CONTRACTS - COST-TYPE - REIMBURSEMENT COSTS - INSURANCE THE CLAIM OF AN INSURANCE COMPANY FOR UNPAID PREMIUMS ON POLICIES PROVIDING FOR THE RETROSPECTIVE DETERMINATION OF EARNED PREMIUMS COVERING WORKMEN'S COMPENSATION, PUBLIC LIABILITY AND OTHER REQUIRED INSURANCE THAT IS REIMBURSABLE UNDER COST-TYPE CONTRACTS MAY BE PAID NOTWITHSTANDING A "NO COST SETTLEMENT AGREEMENT" THAT INCLUDED MUTUAL RELEASES, AND THE LACK OF PRIVITY BETWEEN THE GOVERNMENT AND THE INSURANCE COMPANY. THE CONTRACTING OFFICER UNDER SECTION 10-554 OF ARMY PROCUREMENT PROCEDURE--- WHICH HAS THE FORCE AND EFFECT OF LAW--- HAVING THE RESPONSIBILITY UPON THE TERMINATION OR COMPLETION OF A COST REIMBURSABLE-TYPE CONTRACT TO OBTAIN INSURANCE CREDITS DUE THE CONTRACTOR OR TO ASSUME THE CONTRACTOR'S INSURANCE OBLIGATIONS, THE LIABILITY OF THE GOVERNMENT FOR THE UNPAID INSURANCE PREMIUMS IS MANDATORY AND MUST BE READ INTO THE TERMINATION SETTLEMENT.

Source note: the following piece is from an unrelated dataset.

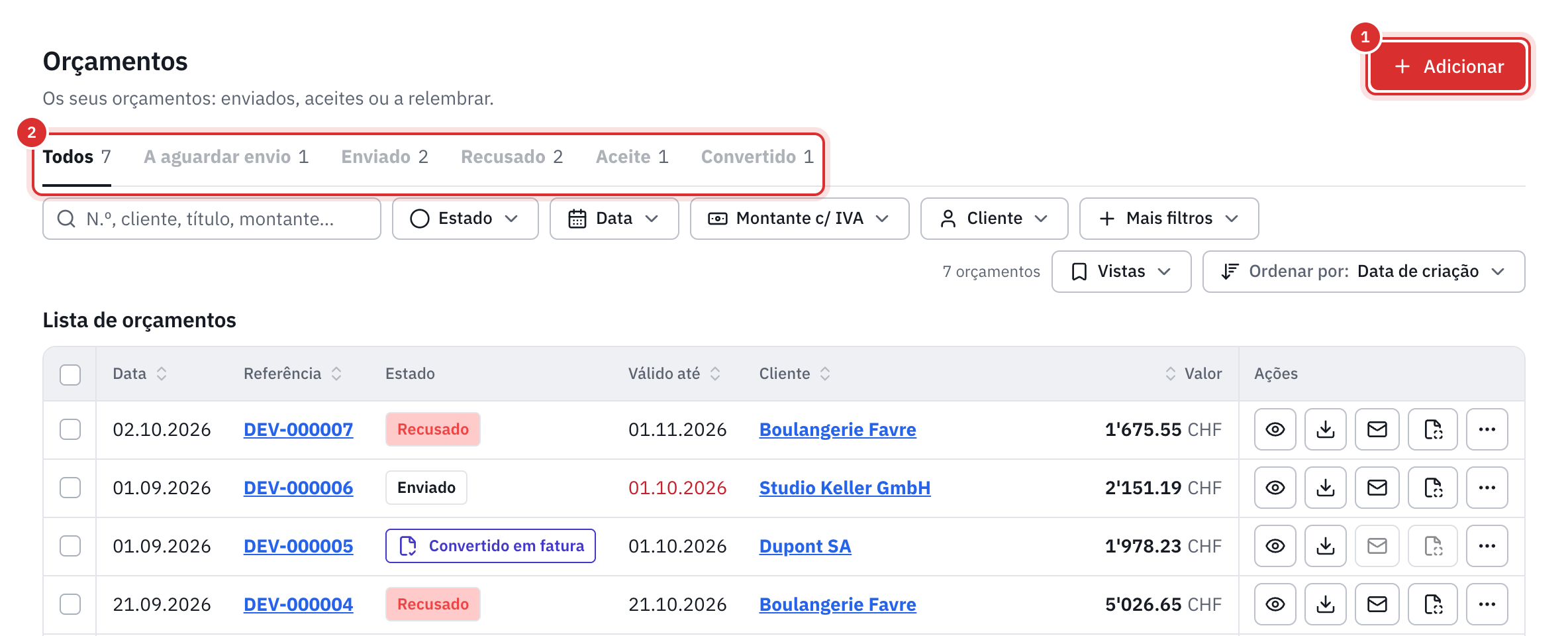 A lista dos orçamentos com o botão Adicionar e os separadores por estado: Todos, A aguardar envio, Enviado, Recusado, Aceite, Convertido.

TO THE SECRETARY OF THE ARMY, FEBRUARY 15, 1968:

REFERENCE IS MADE TO A LETTER DATED AUGUST 11, 1967, FROM THE ARMY MATERIEL COMMAND, TRANSMITTING FOR OUR DECISION THE CLAIM OF FIDELITY AND CASUALTY COMPANY OF NEW YORK FOR UNPAID PREMIUMS ON INSURANCE POLICIES ISSUED TO U.S. HOFFMAN MACHINERY CORPORATION FOR COVERAGE UNDER THE LATTER'S PRIME CONTRACTS WITH THE GOVERNMENT.

THE CLAIM STEMS FROM TWO COST REIMBURSABLE TYPE CONTRACTS, DA 36 034-ORD- 1133 AND 1190, BETWEEN THE GOVERNMENT AND HOFFMAN WHICH WERE ENTERED INTO IN DECEMBER 1952 AND JANUARY 1953, RESPECTIVELY. UNDER THESE CONTRACTS PREMIUMS PAID BY THE CONTRACTOR FOR WORKMEN'S COMPENSATION, PUBLIC LIABILITY, AND OTHER REQUIRED INSURANCE WERE RECOGNIZED AS COSTS REIMBURSABLE BY THE GOVERNMENT. THE POLICIES ISSUED BY FIDELITY TO HOFFMAN INCLUDED ENDORSEMENTS PROVIDING FOR PREMIUMS THEREON TO CONFORM TO THE NATIONAL DEFENSE PROJECTS RATING PLAN (NDPRP) WHICH PROVIDED FOR RETROSPECTIVE DETERMINATION OF EARNED PREMIUMS ON THE BASIS OF ANNUAL AUDITS OF LOSS EXPERIENCE IN ACCORDANCE WITH A FORMULA SET OUT IN THE ENDORSEMENTS.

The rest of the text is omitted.